I suspect you were trying to do something different... so, what is it that you're trying to do?

On 24 March 2017 at 11:52, Buesing, Henrik <HBuesing@eonerc.rwth-aachen.de> wrote:

Initial thought: could you be generating a NaN in your own code as the mesh is refined?  E.g. if you're interpolating some expression that leads to a 0/0 at some points in the domain.

 

[Buesing, Henrik] I am dividing by Delta_h_facet (see [1]). So for the cell in the origin, the node should move closer to zero. But, since I am using DQ0 it should not be zero, right?


I am also dividing by dt. Should I reformulate s.t.
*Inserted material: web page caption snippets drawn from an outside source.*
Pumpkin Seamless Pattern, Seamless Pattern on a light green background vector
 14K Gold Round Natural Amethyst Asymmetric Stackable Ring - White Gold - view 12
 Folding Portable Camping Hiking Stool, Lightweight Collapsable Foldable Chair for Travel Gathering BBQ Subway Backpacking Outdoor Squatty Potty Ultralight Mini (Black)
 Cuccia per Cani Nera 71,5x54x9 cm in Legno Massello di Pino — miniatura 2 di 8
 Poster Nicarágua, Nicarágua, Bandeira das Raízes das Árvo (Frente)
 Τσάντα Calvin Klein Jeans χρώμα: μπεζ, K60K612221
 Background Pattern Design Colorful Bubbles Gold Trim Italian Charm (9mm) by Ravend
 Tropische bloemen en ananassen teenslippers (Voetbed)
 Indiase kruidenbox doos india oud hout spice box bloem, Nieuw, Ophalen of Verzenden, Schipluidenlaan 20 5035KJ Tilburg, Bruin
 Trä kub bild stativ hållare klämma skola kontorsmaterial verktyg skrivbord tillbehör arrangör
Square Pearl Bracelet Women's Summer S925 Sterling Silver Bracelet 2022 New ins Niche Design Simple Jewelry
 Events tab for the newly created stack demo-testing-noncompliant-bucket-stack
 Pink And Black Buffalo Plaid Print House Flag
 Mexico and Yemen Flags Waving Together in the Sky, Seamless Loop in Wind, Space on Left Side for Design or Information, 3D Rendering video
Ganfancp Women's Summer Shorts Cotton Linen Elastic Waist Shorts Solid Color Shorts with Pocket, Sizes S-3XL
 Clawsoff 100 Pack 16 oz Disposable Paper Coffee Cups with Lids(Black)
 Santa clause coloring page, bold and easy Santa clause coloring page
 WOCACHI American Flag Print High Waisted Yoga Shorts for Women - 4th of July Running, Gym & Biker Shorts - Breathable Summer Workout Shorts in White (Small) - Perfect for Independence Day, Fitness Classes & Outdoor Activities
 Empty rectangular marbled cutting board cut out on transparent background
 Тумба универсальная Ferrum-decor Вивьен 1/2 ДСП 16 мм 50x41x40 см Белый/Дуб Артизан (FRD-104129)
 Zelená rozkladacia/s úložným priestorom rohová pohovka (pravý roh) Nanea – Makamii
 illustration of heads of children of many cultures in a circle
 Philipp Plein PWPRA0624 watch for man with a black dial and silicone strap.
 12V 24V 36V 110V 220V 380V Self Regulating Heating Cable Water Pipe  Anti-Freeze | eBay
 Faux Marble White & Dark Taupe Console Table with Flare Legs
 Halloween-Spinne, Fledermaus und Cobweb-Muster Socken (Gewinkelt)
I multiply by dt?

Thank you!

Henrik

 

 

[1]

x_func_expr = Expression("x[0]")

y_func_expr = Expression("x[1]")

z_func_expr = Expression("x[2]")

 

x_func = interpolate(x_func_expr, DG1)

y_func = interpolate(y_func_expr, DG1)

z_func = interpolate(z_func_expr, DG1)

Delta_h_facet = sqrt(jump(x_func)**2

                   + jump(y_func)**2

                   + jump(z_func)**2)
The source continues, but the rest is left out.